# TO DO
Could the data below be retyped exactly, without its pictures?

# RECORDED INFORMATION
______________________________

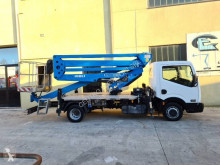 Nacelle sur porteur articulée télescopique Isoli PNT 205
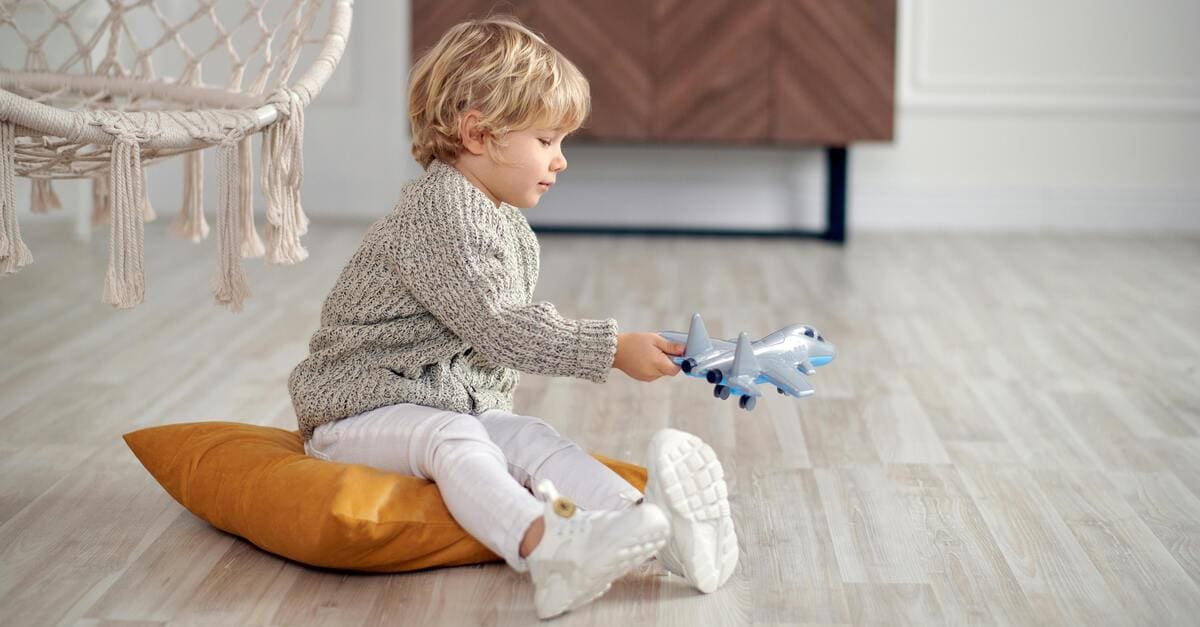 Comment voyager en avion avec un bébé ?
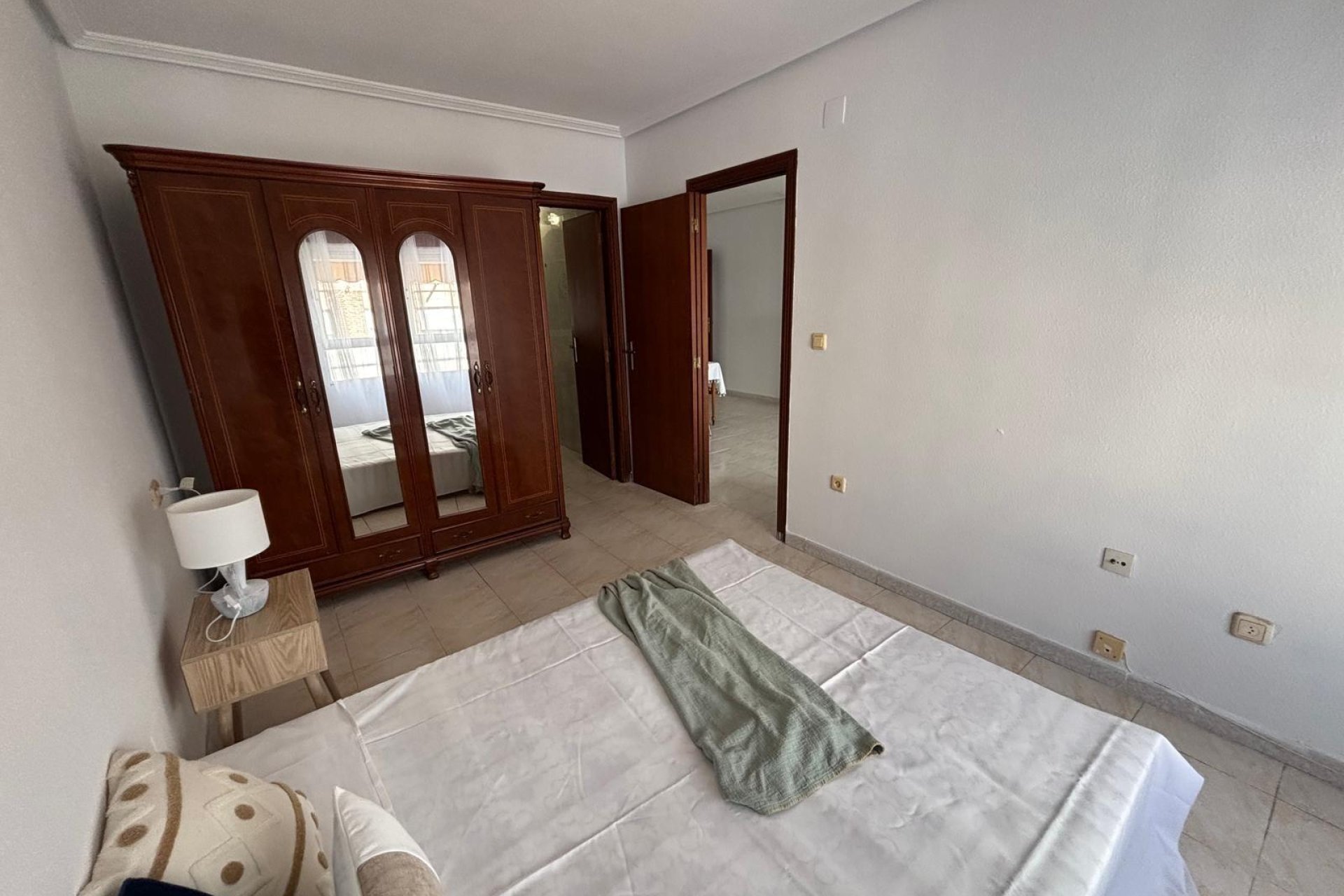 Resale - Apartamento - Torrevieja - Centro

______________________________

# RESULT OF THIS TASK
 Nacelle sur porteur articulée télescopique Isoli PNT 205
 Comment voyager en avion avec un bébé ?
 Resale - Apartamento - Torrevieja - Centro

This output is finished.